<<<<

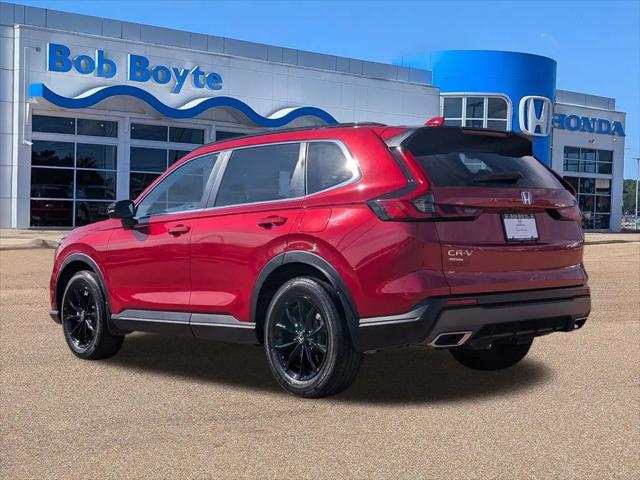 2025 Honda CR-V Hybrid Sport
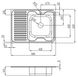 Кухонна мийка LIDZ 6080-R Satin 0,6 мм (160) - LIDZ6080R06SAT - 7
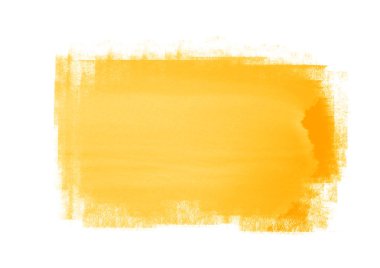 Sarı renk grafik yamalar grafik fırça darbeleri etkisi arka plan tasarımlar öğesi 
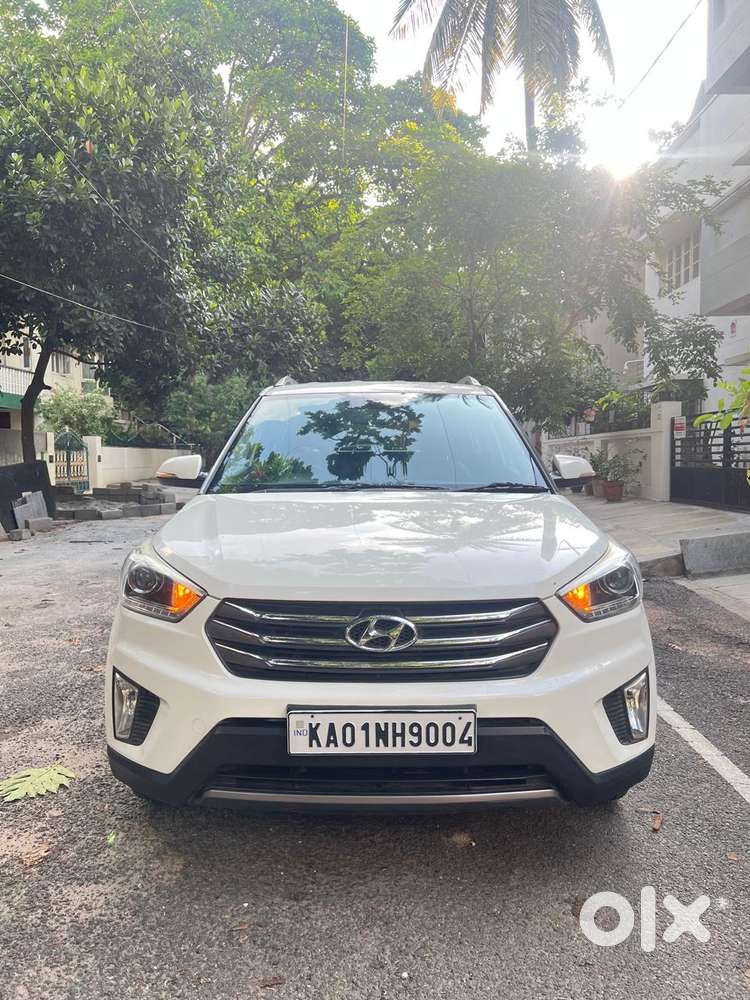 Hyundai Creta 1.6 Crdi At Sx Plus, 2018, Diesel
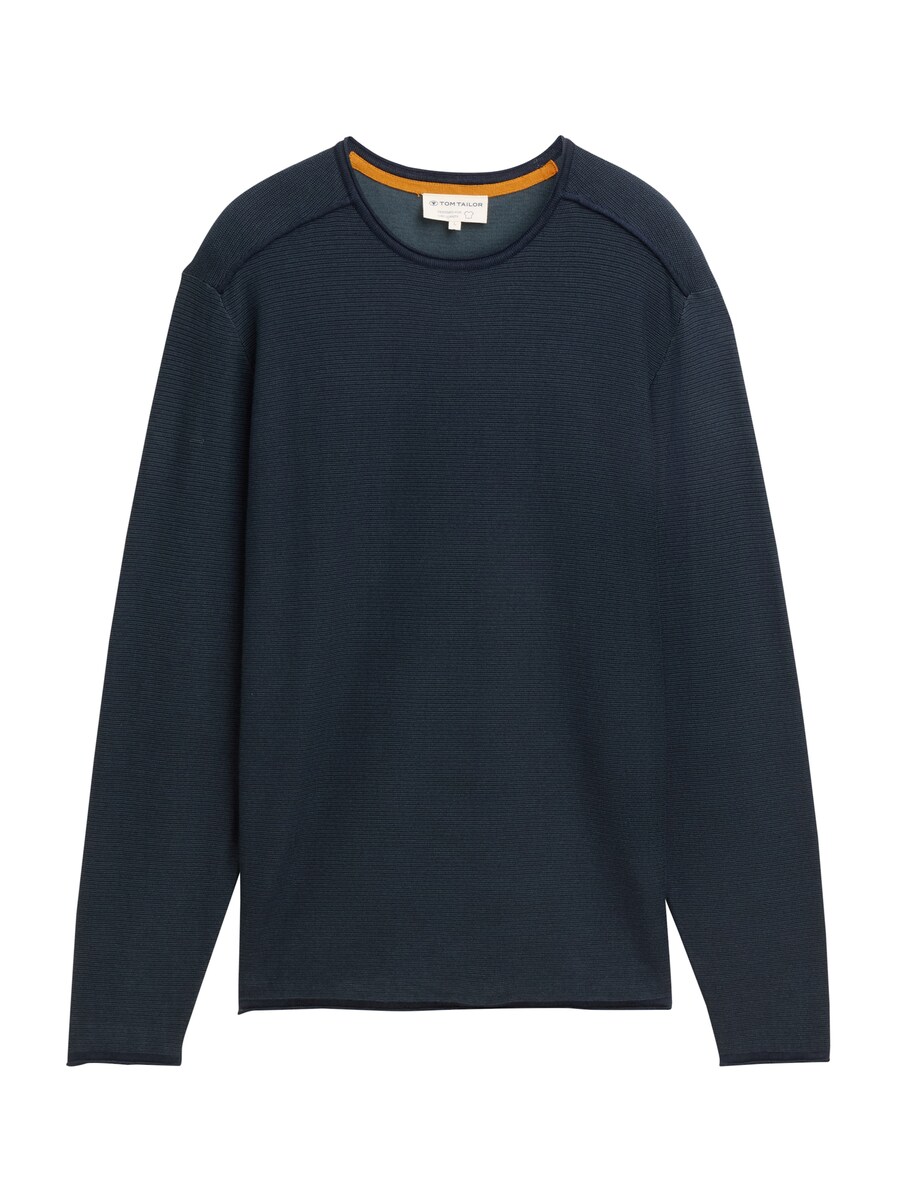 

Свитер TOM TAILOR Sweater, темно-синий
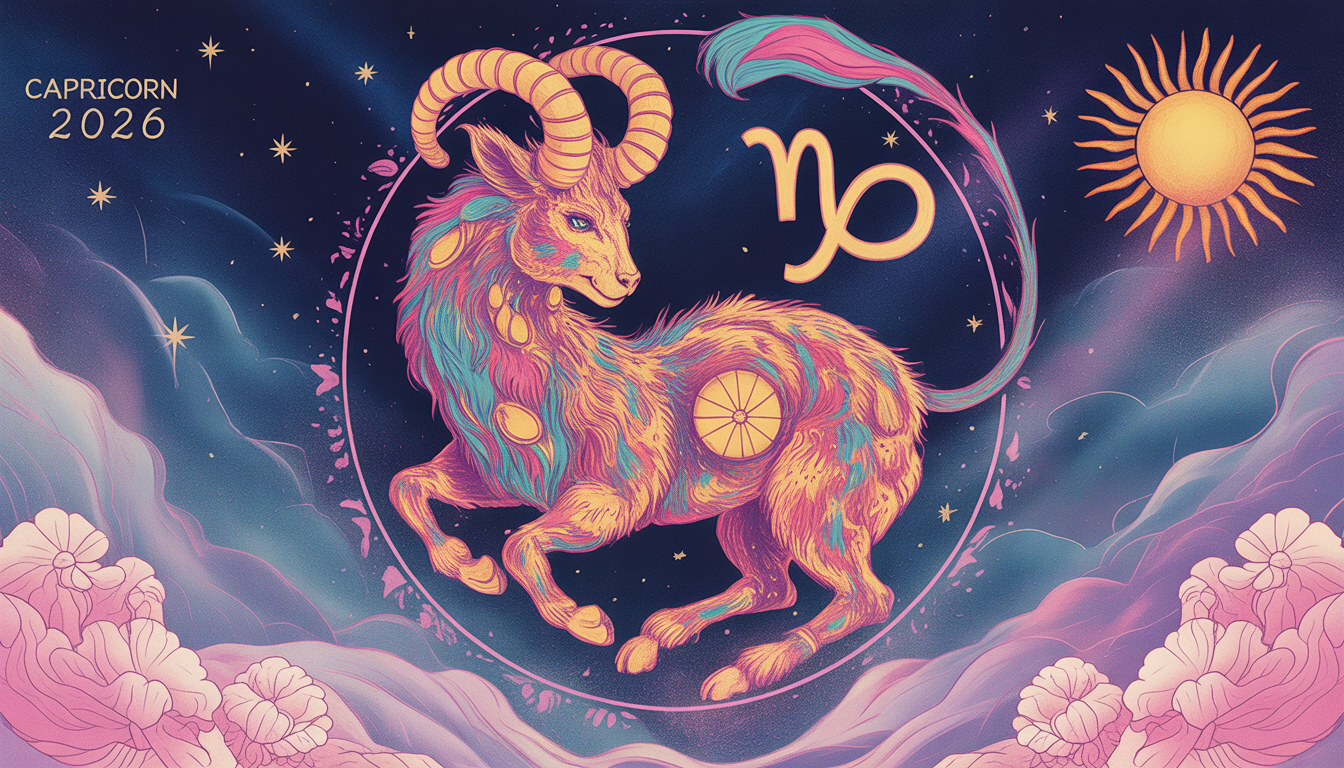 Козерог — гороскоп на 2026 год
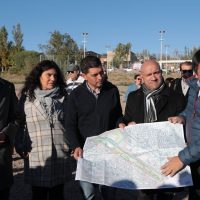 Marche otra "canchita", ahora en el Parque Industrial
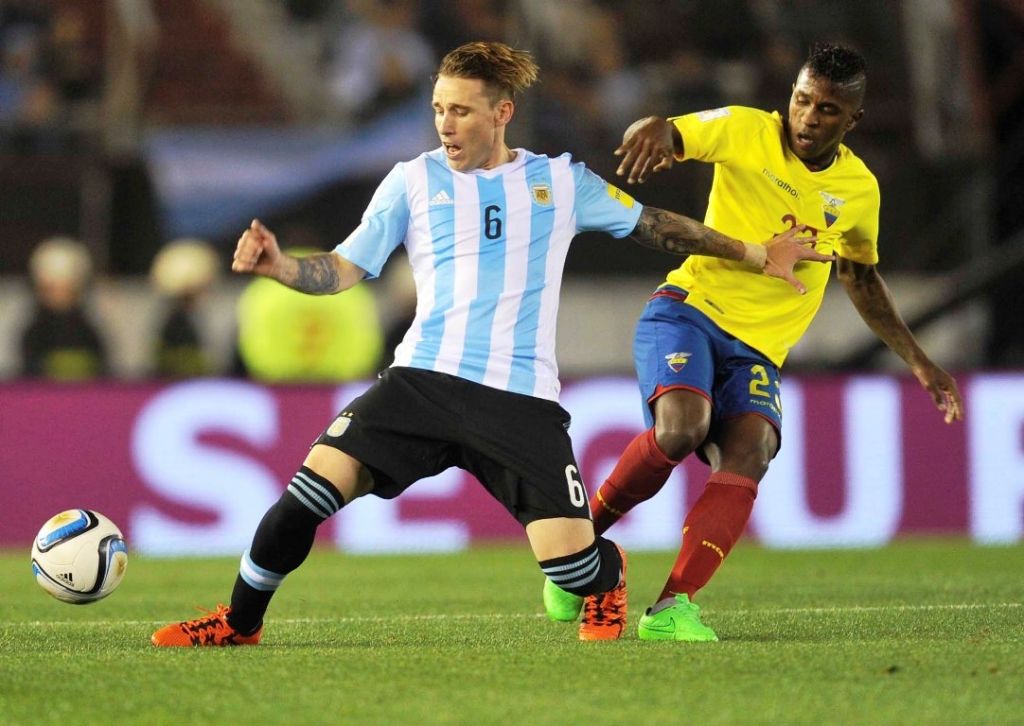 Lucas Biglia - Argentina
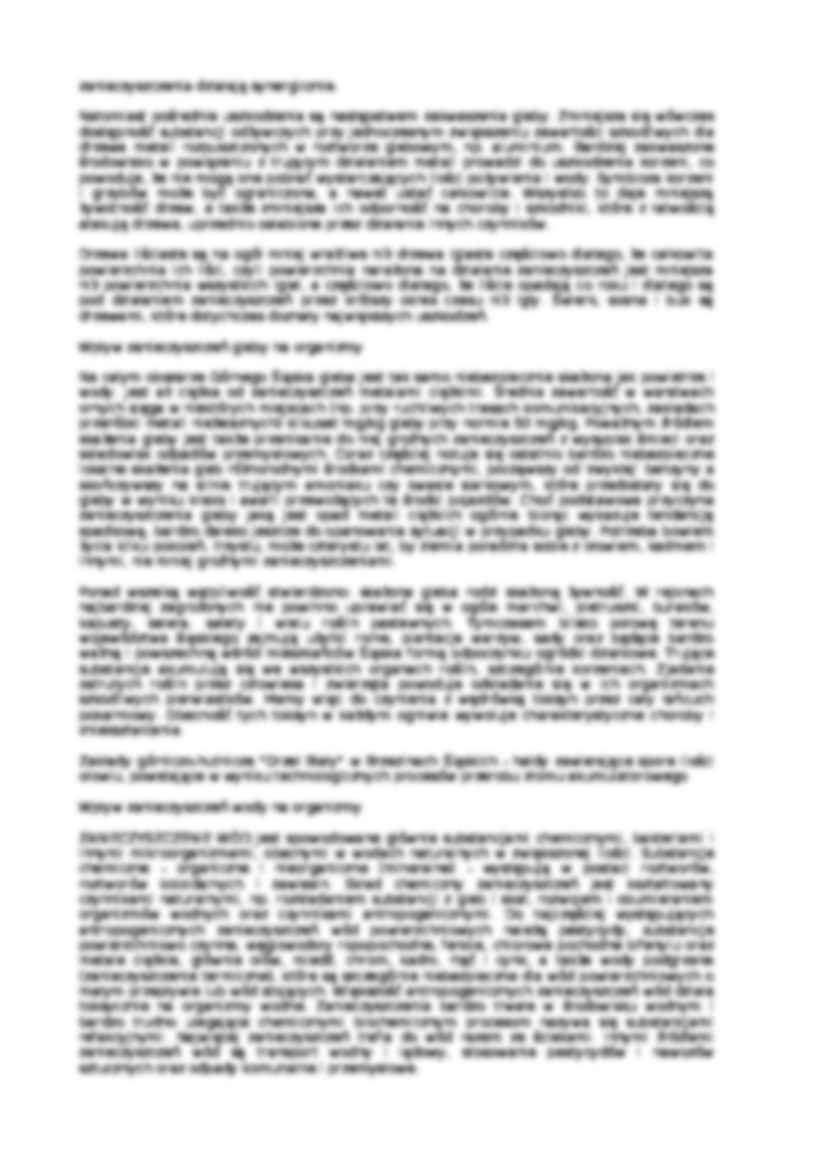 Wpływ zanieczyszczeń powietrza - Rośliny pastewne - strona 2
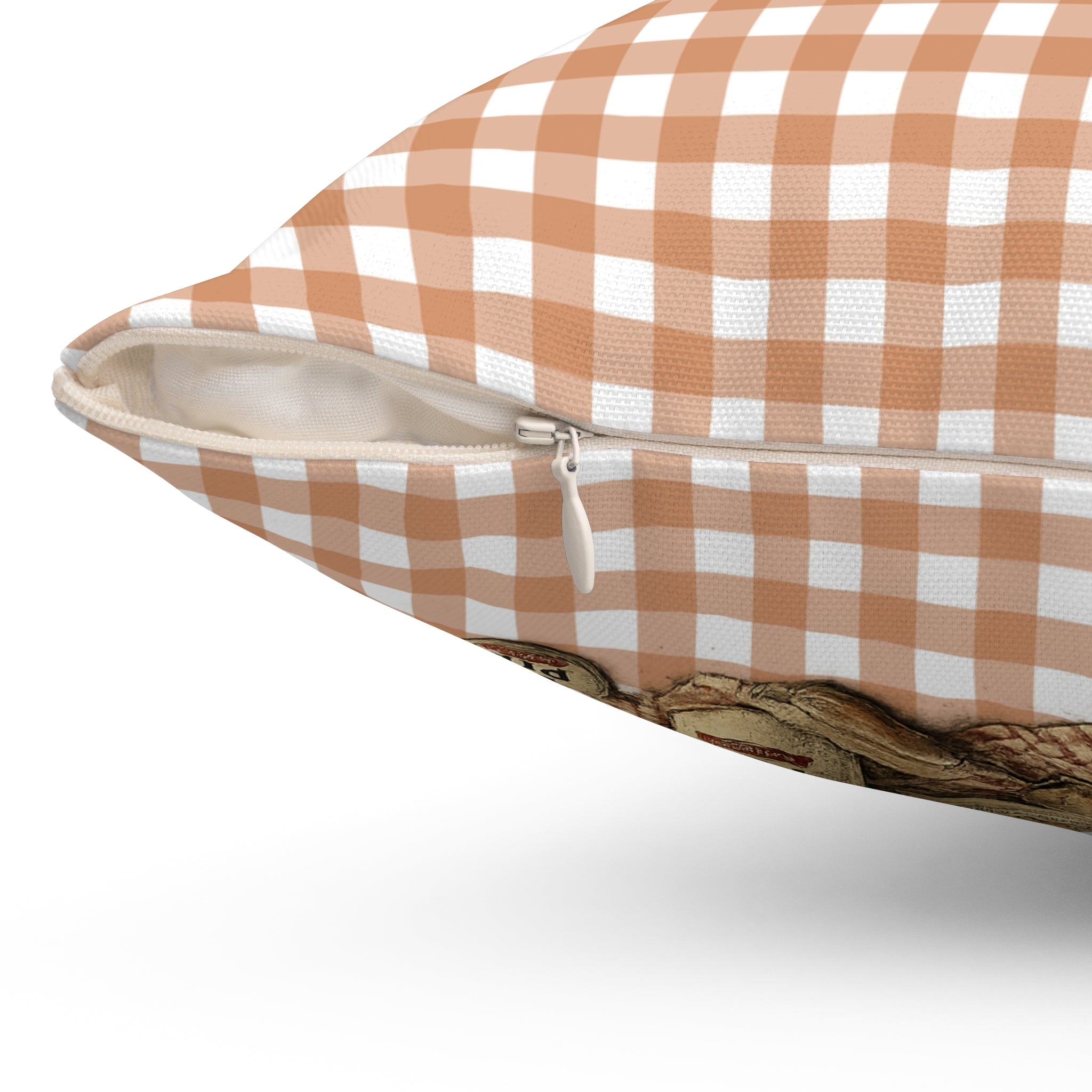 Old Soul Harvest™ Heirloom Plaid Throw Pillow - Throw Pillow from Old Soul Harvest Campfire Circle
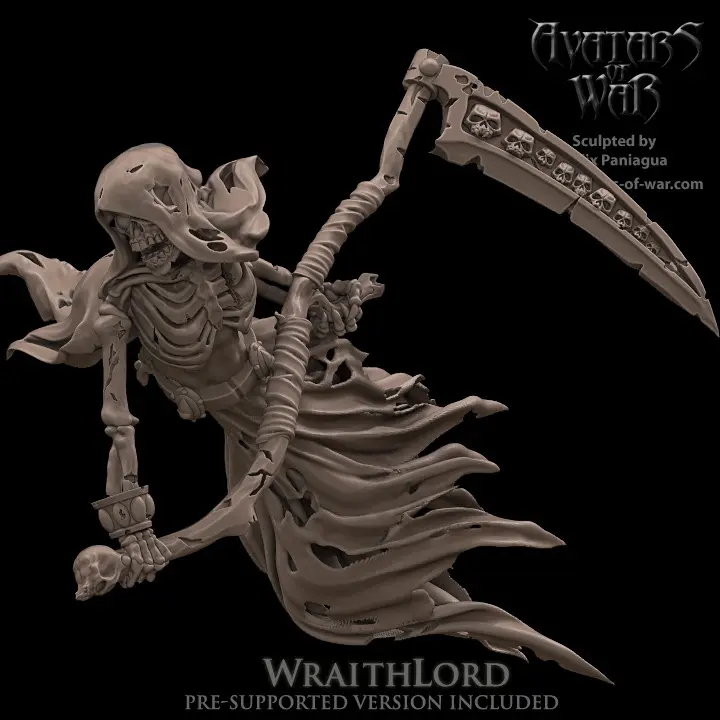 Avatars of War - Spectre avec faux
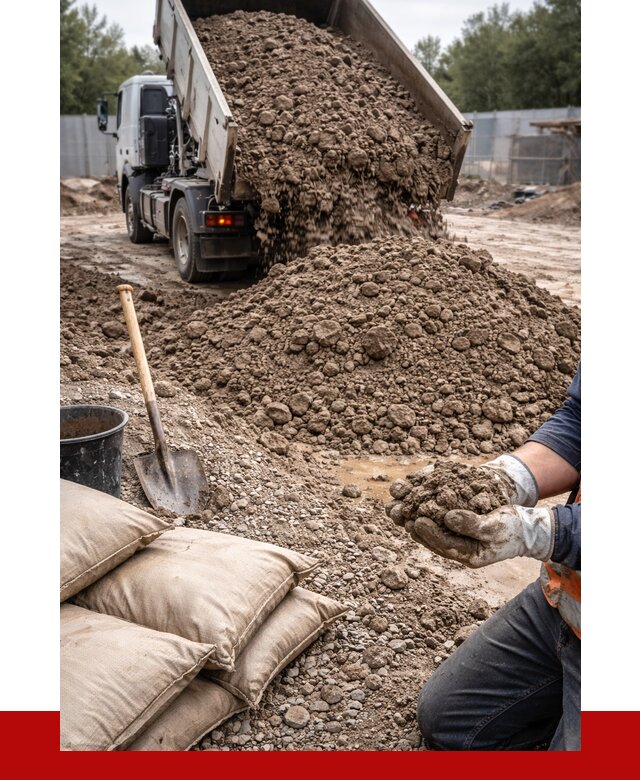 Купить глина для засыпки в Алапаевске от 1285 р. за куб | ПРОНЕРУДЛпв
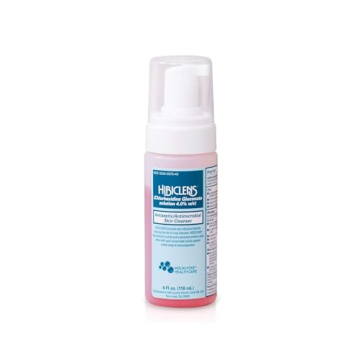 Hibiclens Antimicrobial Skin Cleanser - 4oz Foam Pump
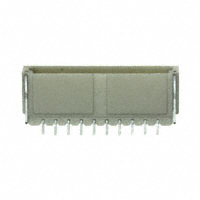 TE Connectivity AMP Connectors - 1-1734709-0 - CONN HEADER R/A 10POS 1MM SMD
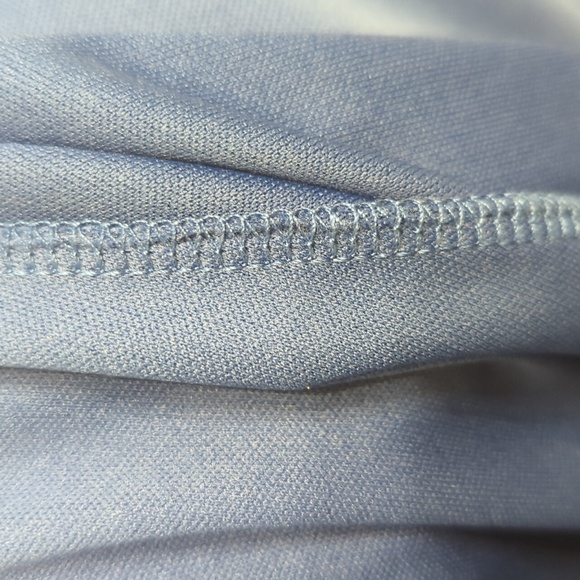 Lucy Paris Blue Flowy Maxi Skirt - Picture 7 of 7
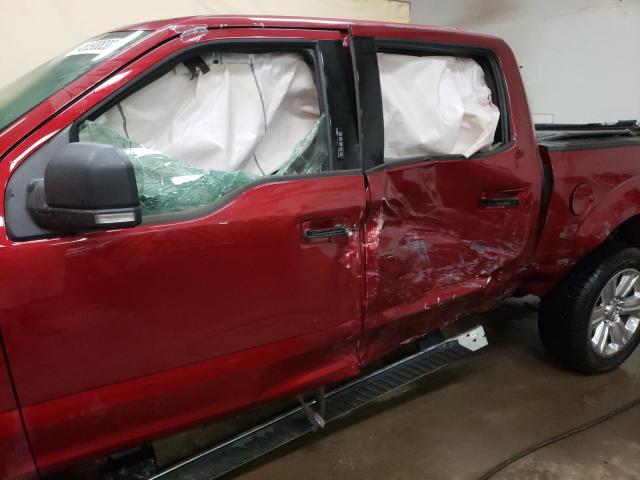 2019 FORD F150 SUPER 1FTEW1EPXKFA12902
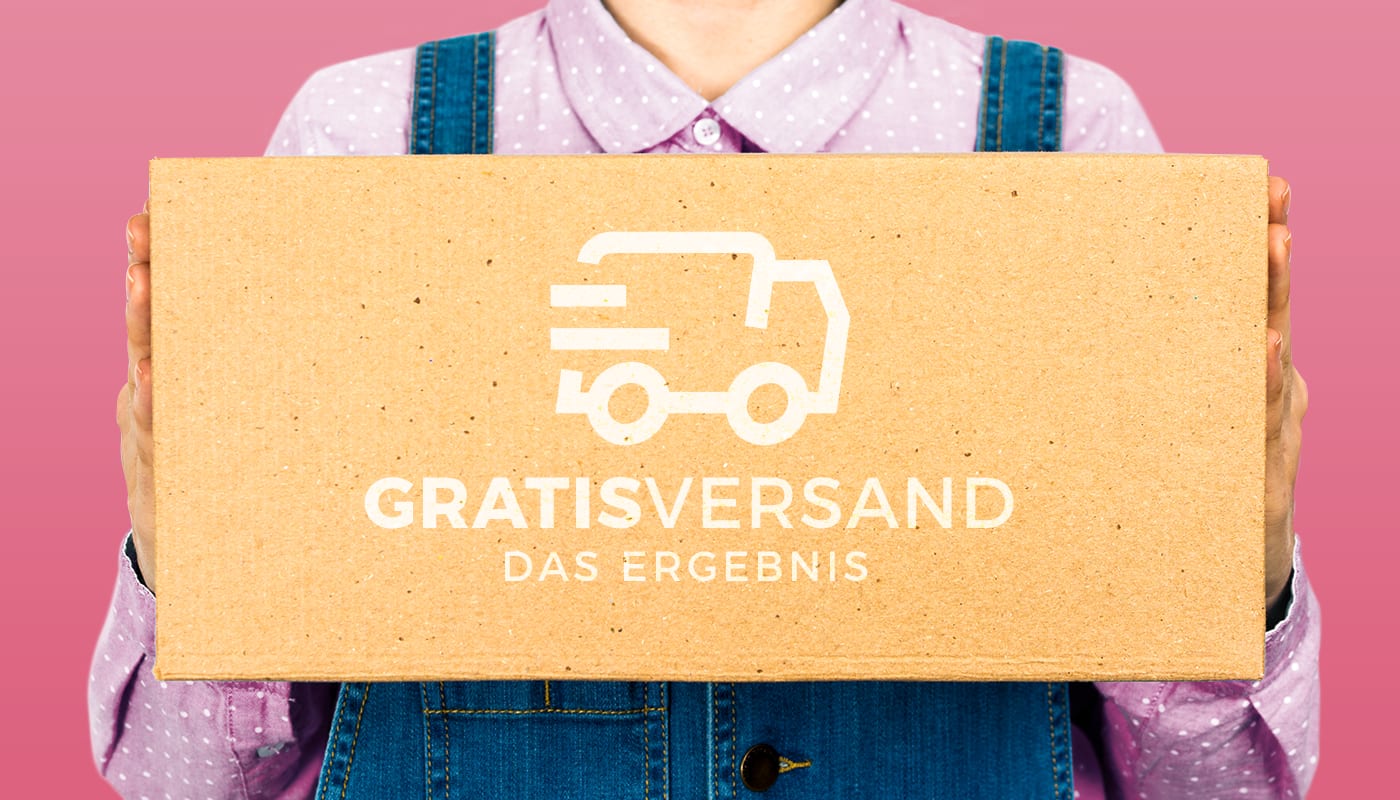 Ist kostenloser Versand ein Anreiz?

>>>>

TASK DETAILS:
Repeat the records above word for word, apart from the pictures.

EXERCISE SOLUTION:
 2025 Honda CR-V Hybrid Sport
 Кухонна мийка LIDZ 6080-R Satin 0,6 мм (160) - LIDZ6080R06SAT - 7
 Sarı renk grafik yamalar grafik fırça darbeleri etkisi arka plan tasarımlar öğesi 
 Hyundai Creta 1.6 Crdi At Sx Plus, 2018, Diesel

Свитер TOM TAILOR Sweater, темно-синий
 Козерог — гороскоп на 2026 год
 Marche otra "canchita", ahora en el Parque Industrial
 Lucas Biglia - Argentina
 Wpływ zanieczyszczeń powietrza - Rośliny pastewne - strona 2
 Old Soul Harvest™ Heirloom Plaid Throw Pillow - Throw Pillow from Old Soul Harvest Campfire Circle
 Avatars of War - Spectre avec faux
 Купить глина для засыпки в Алапаевске от 1285 р. за куб | ПРОНЕРУДЛпв
 Hibiclens Antimicrobial Skin Cleanser - 4oz Foam Pump
 TE Connectivity AMP Connectors - 1-1734709-0 - CONN HEADER R/A 10POS 1MM SMD
 Lucy Paris Blue Flowy Maxi Skirt - Picture 7 of 7
 2019 FORD F150 SUPER 1FTEW1EPXKFA12902
 Ist kostenloser Versand ein Anreiz?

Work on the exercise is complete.